Ansari: Weil sich dort die selbsternannte Crème de la Crème der Reformpädagogik und Alternativschulen einfindet. Ihr oberster Grundsatz lautet: Das Kind und seine Unversehrtheit stehen im Mittelpunkt. In ihrer Vorzeigeeinrichtung Odenwaldschule aber sind Kinder schwer beschädigt worden. Viele der bislang bekannten 132 Opfer werden nie damit fertig werden, was ihnen Schulleiter Becker angetan hat. Wie kann es sein, dass man sich für diese Beschädigten nicht interessiert? Man sollte sich anhören, wie subtil und zugleich planmäßig die Reformpädagogen um Becker, einen Pädokriminellen, sie in die Falle gelockt haben.

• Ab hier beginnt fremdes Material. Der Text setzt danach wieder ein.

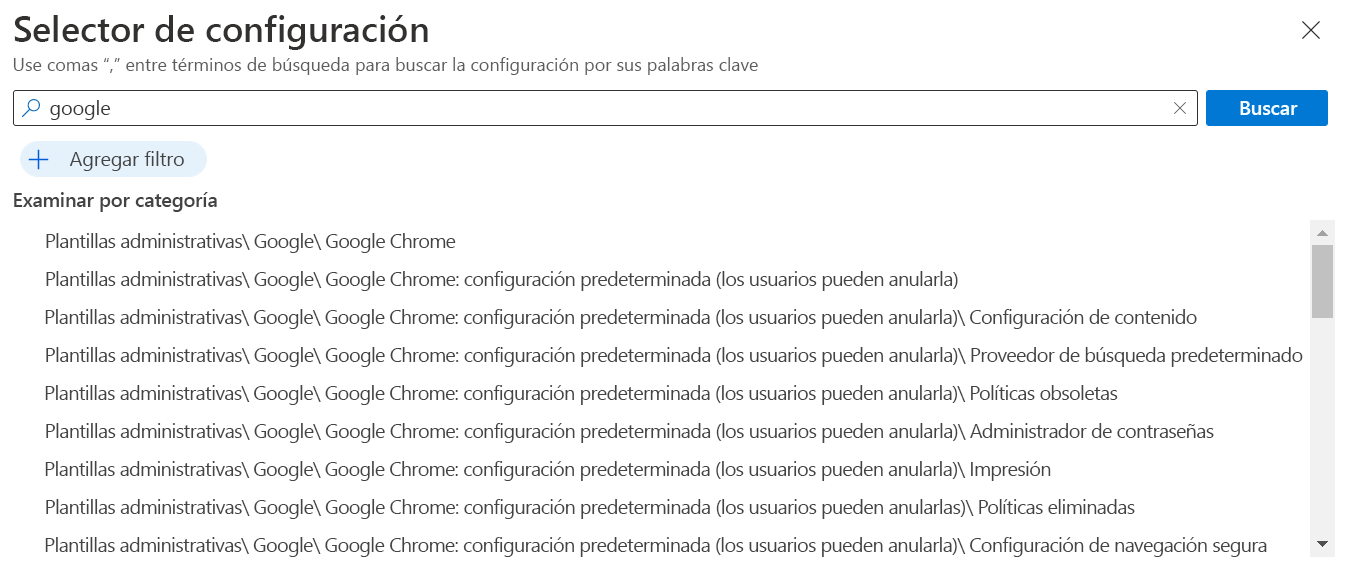 Captura de pantalla que muestra la configuración de Google Chrome en el catálogo de configuración integrado en Microsoft Intune y el Centro de administración de Intune. Use esta configuración para crear y configurar una directiva de Google Chrome en dispositivos Windows.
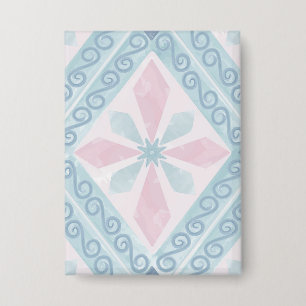 Badge motif bleu en forme de diamant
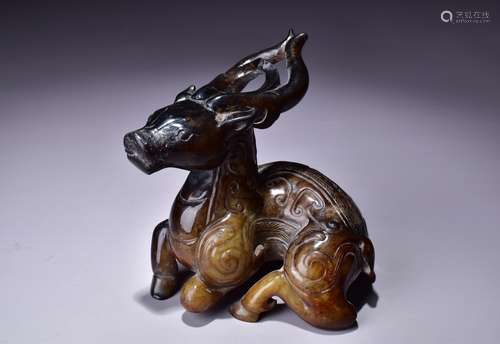 A Carved Brownish Jade Deer Ornament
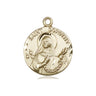 14kt solid gold St. Dorothy patron saint medal pendant, 3/4 x 5/8 inches, handcrafted by Bliss Manufacturing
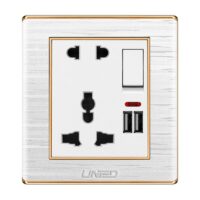 Uni White 5 Pin Universal Socket With Switch & 2 USB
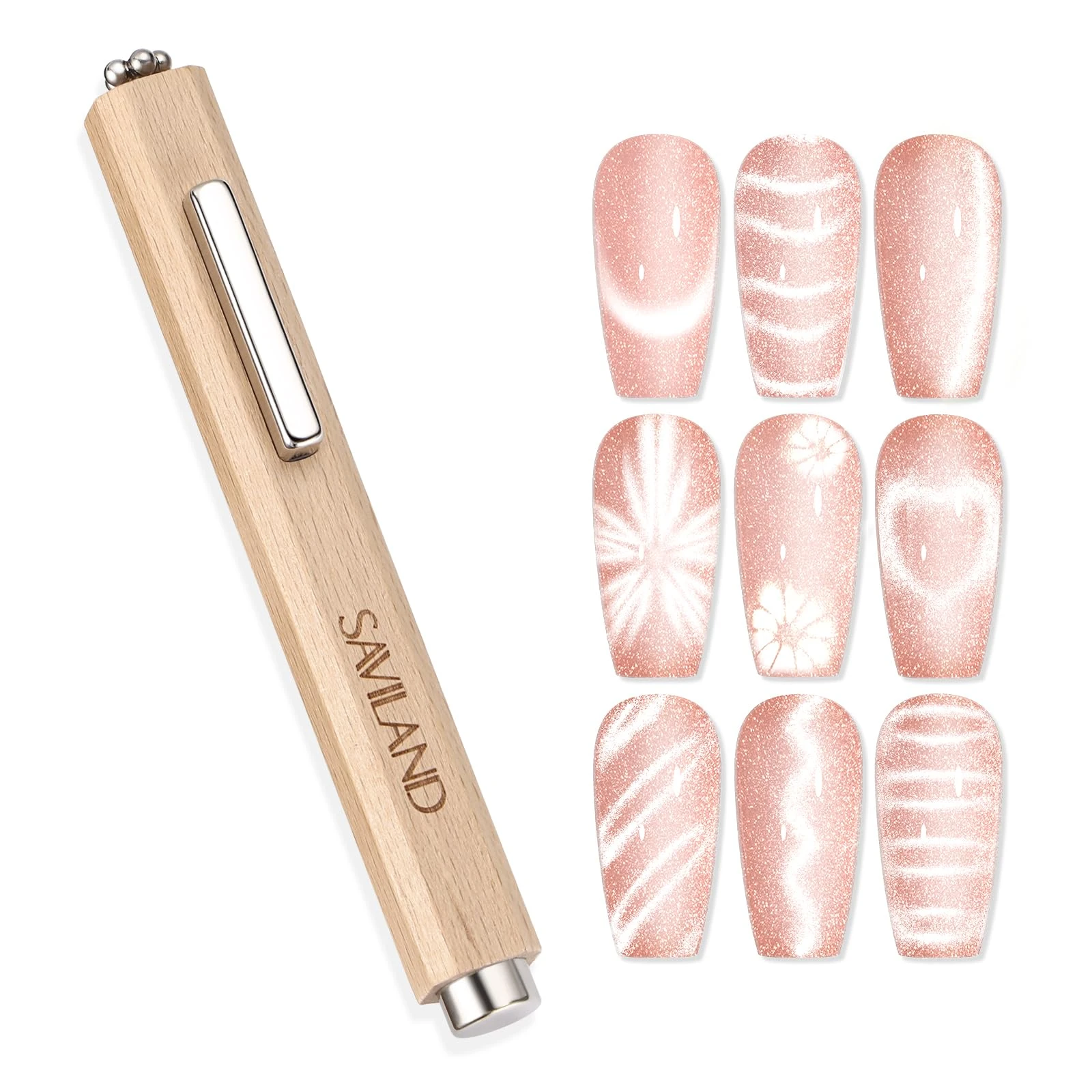 SAVILAND Cat Eye Magnet for Nail: 3-in-1 Nail Magnet Cat Eye Gel Nail Polish N35 Neodymium Strong Suction Magnet Wand Stick Diverse Effect Double Ended Nail Art Tools for Home DIY Manicure Accessories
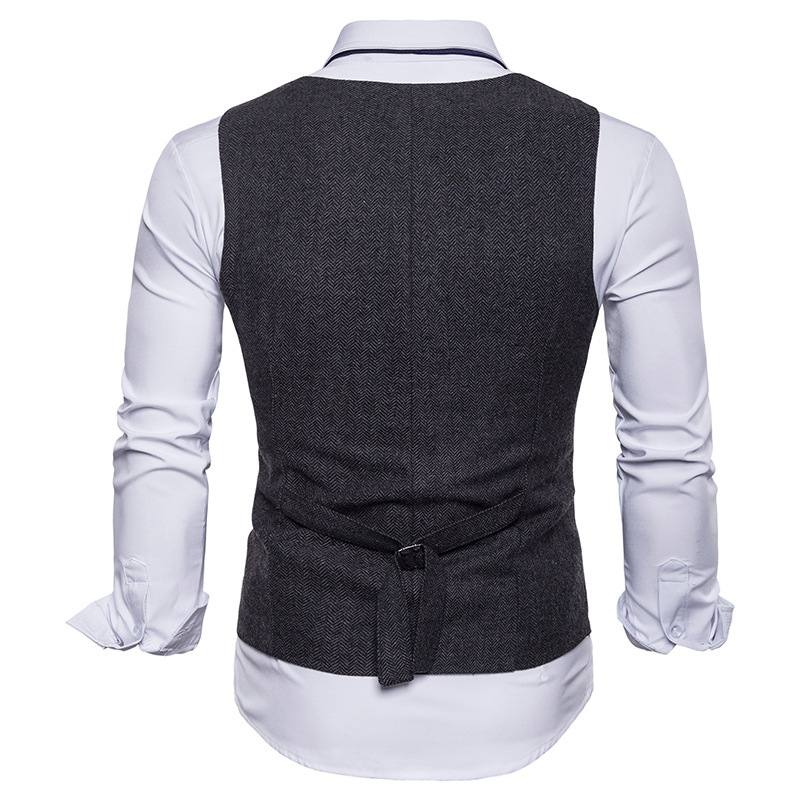2019 Dark Gray Groom Vests Country Wedding Wool Herringbone Tweed Vest Slim Fit Men's Suit Vest Dress Coat Dress Waistcoat Farm Prom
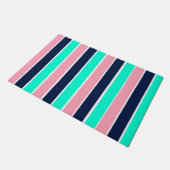 Streifen in Minzgrün, Rosa und Navy Blue Fußmatte (Schrägansicht)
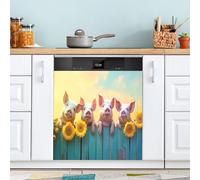 Ttgoth Autocollant magnétique décoratif pour lave-vaisselle Motif cochon tournesol 58,4 x 66 cm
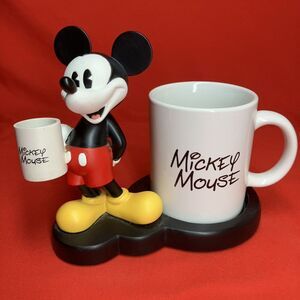 Disney Mickey‎ Mouse / Coffee Mug & Coaster Holder / Figurine / Desk Set (Flaw)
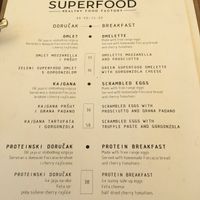Breakfast menu at Superfood Smoothie Bar in Split
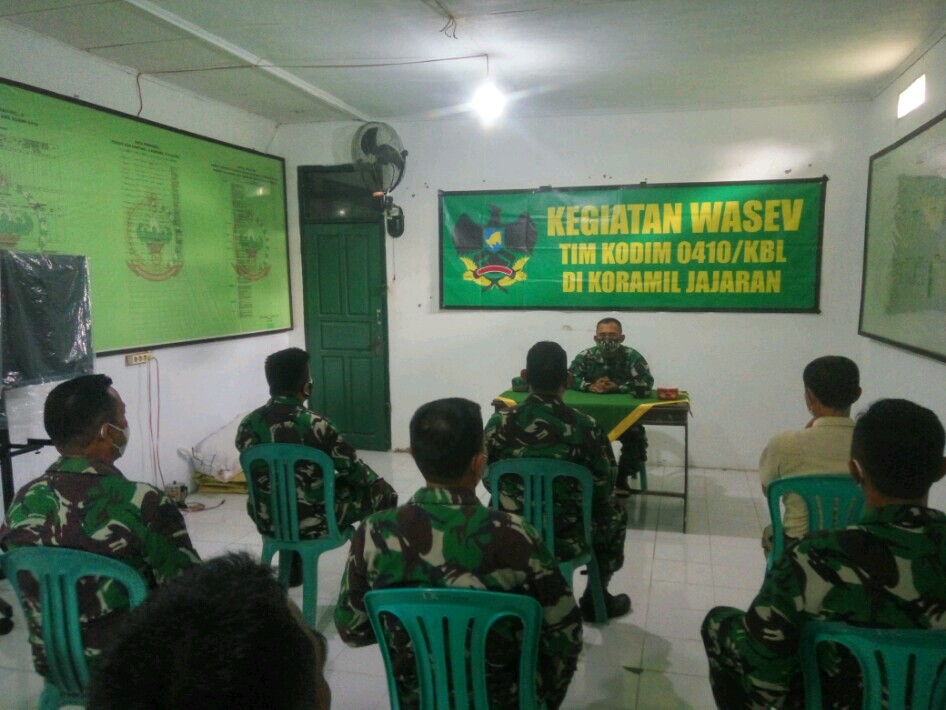 Kodim 0410/KBL Laksanakan Pengawasan Wasev Binter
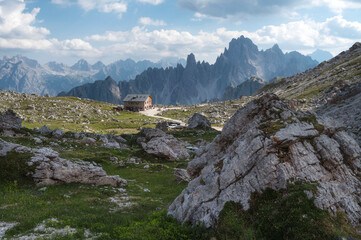 Tre Cime di Lavaredo hiking trail in summer, Dolomite, Italy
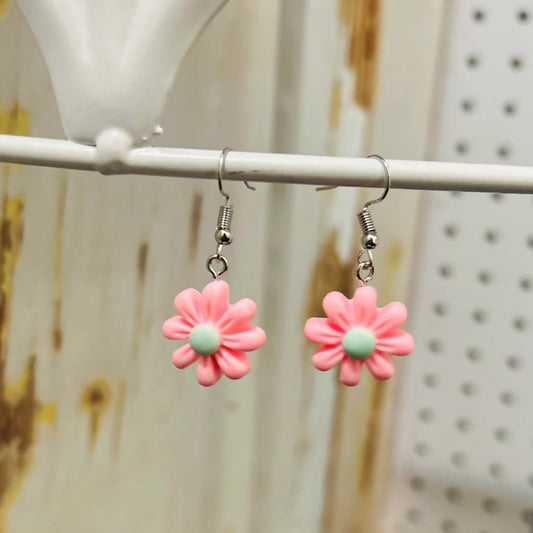 Pink Flower Earrings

Man muss wissen, wie Missbrauch geschieht, um ihn verhindern zu können.
SPIEGEL ONLINE: Wenn ein Pianist Päderast ist, dann hören wir dennoch seine Musik weiter an.
Ansari: Aber ein Pianist benutzt seine Kunst nicht, um Kinder zu missbrauchen. Der Pädagoge Becker hat das getan. Er hat die wichtigsten reformpädagogischen Instrumente wie die Nähe zum Kind ganz gezielt eingesetzt, um minderjährige Schüler zu verführen oder mit Gewalt zum Sex zu zwingen. Becker hat seine Internatsfamilie in eine päderastische Kameradschaft umgewandelt, wie es der reformpädagogische Vordenker Gustav Wyneken vorgemacht hat. Becker konnte 15 Jahre lang unbehelligt sein Unwesen treiben. Darüber dürfen die Reformpädagogen nicht schweigen: Hört endlich auf mit der Lüge und dem Selbstbetrug.